CHICAGO — Menopausal hormone therapy was associated with a reduced risk of low bone mineral density (BMD) among postmenopausal women in a retrospective cohort study.
Among the 387 women analyzed, low BMD — defined as osteopenia or osteoporosis — was less common for those taking hormone therapy versus those not receiving it (31.8% vs 56.2%, P<0.001), reported Diego Espinoza-Peralta, MD, MSc, of the Investigación Médica Sonora in Mexico.
On multivariable adjustment, the likelihood of low BMD was 69% lower with hormone therapy (OR 0.31, 95% CI 0.19-0.50).
“This association remained essentially unchanged in multiple sensitivity analyses” that adjusted for hypertension, chronic kidney disease, physical activity, and calcium supplementation, Espinoza-Peralta said at ENDO 2026, the annual meeting of the Endocrine Society.
Postmenopausal women taking hormone therapy also had significantly higher T-scores at two of the primary sites evaluated for low BMD: the lumbar spine (-0.62 vs -1.02, P<0.001) and the total hip (-0.32 vs -0.81, P<0.001).
“Menopausal hormone therapy appears to independently protect bones, not just by coincidence,” Espinoza-Peralta said in a statement. “Clinicians may begin to weigh its benefits more carefully, especially in women early after menopause, potentially improving long-term health and quality of life.”
Hormone therapy has long been indicated for preventing postmenopausal osteoporosis and fractures, but uptake over the past two decades has been low, with a major deterrent for women and their physicians being the long-standing boxed warning about risks for cancer, stroke, blood clots, heart attacks, and dementia based on findings from the 2002 Women’s Health Initiative study.
That same trial showed a 34% lower risk for hip fracture, a 34% lower risk for vertebral fractures, and a 23% lower risk of other osteoporotic fractures with hormone therapy, over roughly 5 years of median follow-up.
According to the FDA, an estimated 2 million women ages 46 to 65 received a prescription for menopausal hormone therapy in 2020 out of 41 million eligible women.
However, the regulatory landscape started shifting last year at the FDA, and new labeling for a number of hormone therapies no longer carries the boxed warnings, though the prescribing information still notes the potential risks lower down.
Clinical guidance still calls for a nuanced approach, however.

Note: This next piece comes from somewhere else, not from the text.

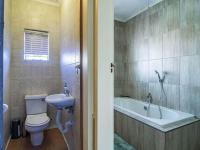  of property in Linmeyer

According to the Endocrine Society’s osteoporosis guidelines, certain postmenopausal women at high risk of fracture are recommended to use hormone therapy to prevent all fracture types. However, it’s not recommended for all women, such as those with breast cancer, prior myocardial infarction or stroke, or those over the age of 60 or more than 10 years past menopause.

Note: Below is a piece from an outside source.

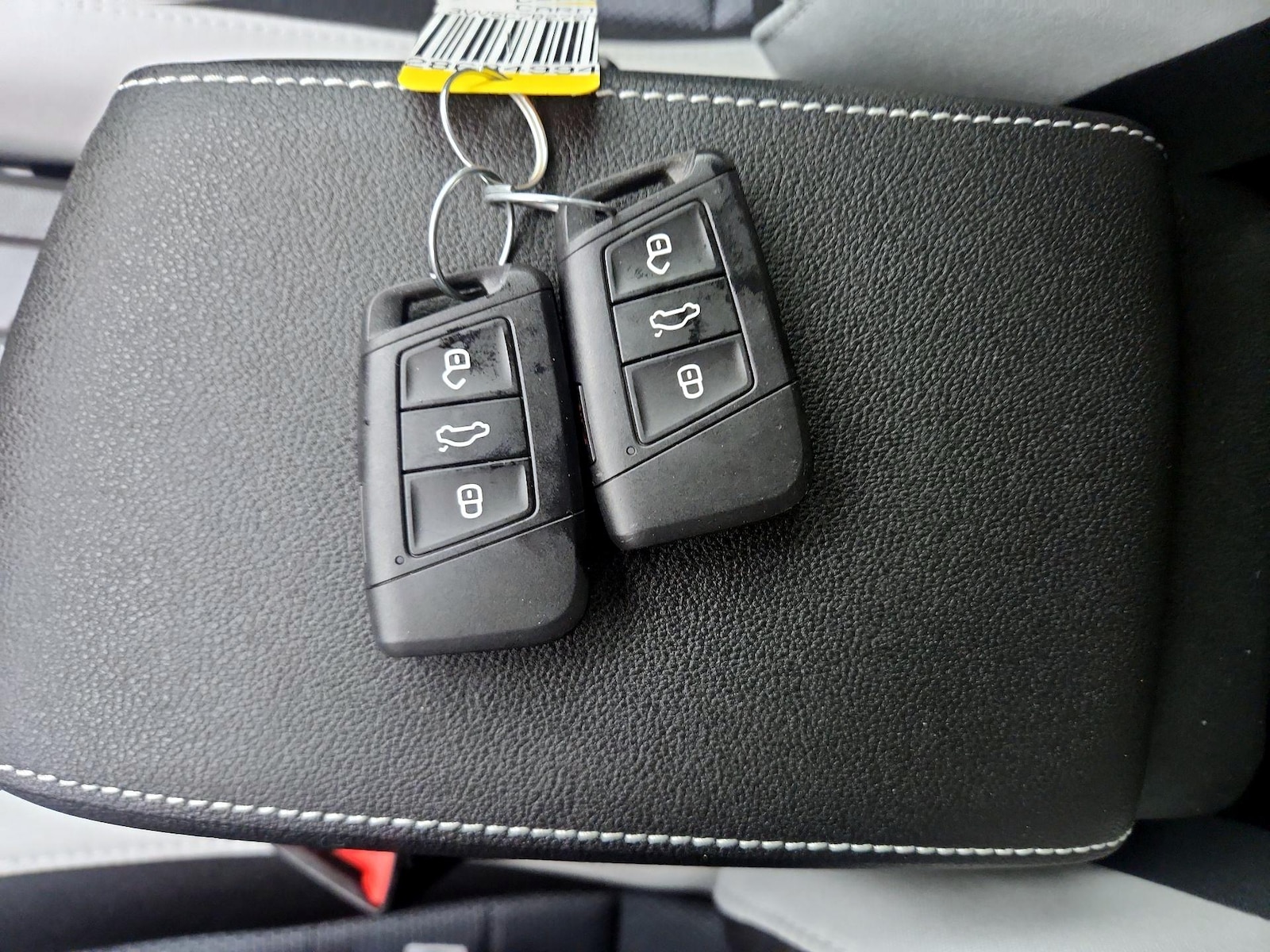 2025 Volkswagen Taos S - Photo 23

“Systemic estrogen still comes with potential risks in certain individuals that should be reviewed in detail with women initiating therapy,” the Menopause Society warned at the time of the FDA label changes.
Espinoza-Peralta’s group assessed postmenopausal women who underwent dual-energy X-ray absorptiometry (DXA) at an endocrine clinic from 2021 to 2025. To minimize inter-operator variability, all DXA measurements were acquired using a single densitometry system and performed by the same certified bone densitometry technician and certified clinical densitometrist.
Of the 387 women included, the average age was about 60 years, mean body mass index was 29.2, a third used hormone therapy, and the average time since menopause was 11.1 years. Baseline 25(OH) vitamin D levels were 22.2 ng/mL, and 9% were current smokers.
Additionally, 52% had type 2 diabetes, 62% had hypertension, and 8% had chronic kidney disease. More women taking hormone therapy were also taking calcium supplementation (35.7% vs 24%, P=0.02).
While hormone therapy was associated with a protective benefit, current smoking and more years since menopause both emerged as trends toward higher odds of low BMD.
Espinoza-Peralta noted that the data should be interpreted with caution. “As with any observational study, several limitations should be acknowledged,” he said. These included the retrospective observational design, the potential for healthy-user bias, a lack of detailed information on menopausal hormone therapy duration and formulation, and the absence of fracture outcomes data.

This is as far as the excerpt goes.